:: Recorded data

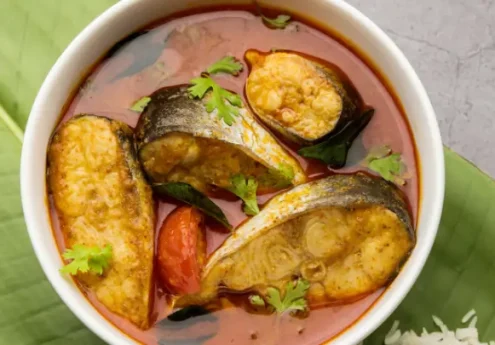 Kerala curry with fish pieces in spicy red gravy garnished with curry leaves and coriander.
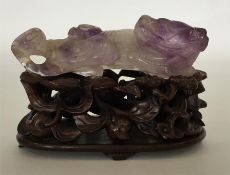 An unusual carved amethyst figure of a recumbent a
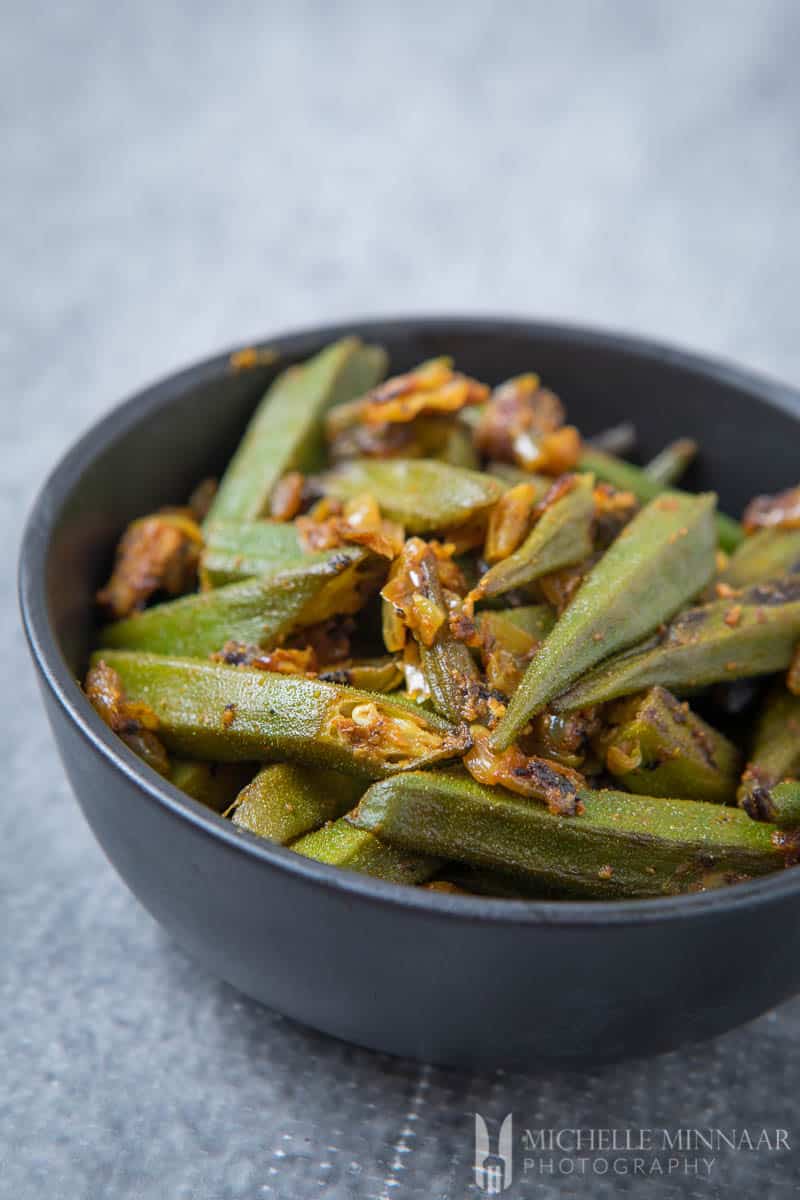 Bhindi ki Sabzi - a bowl of fried green okra upclose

::::

How to complete this task → Please write out all the data word for word, but keep every picture out.

Finished task →
 Kerala curry with fish pieces in spicy red gravy garnished with curry leaves and coriander.
 An unusual carved amethyst figure of a recumbent a
 Bhindi ki Sabzi - a bowl of fried green okra upclose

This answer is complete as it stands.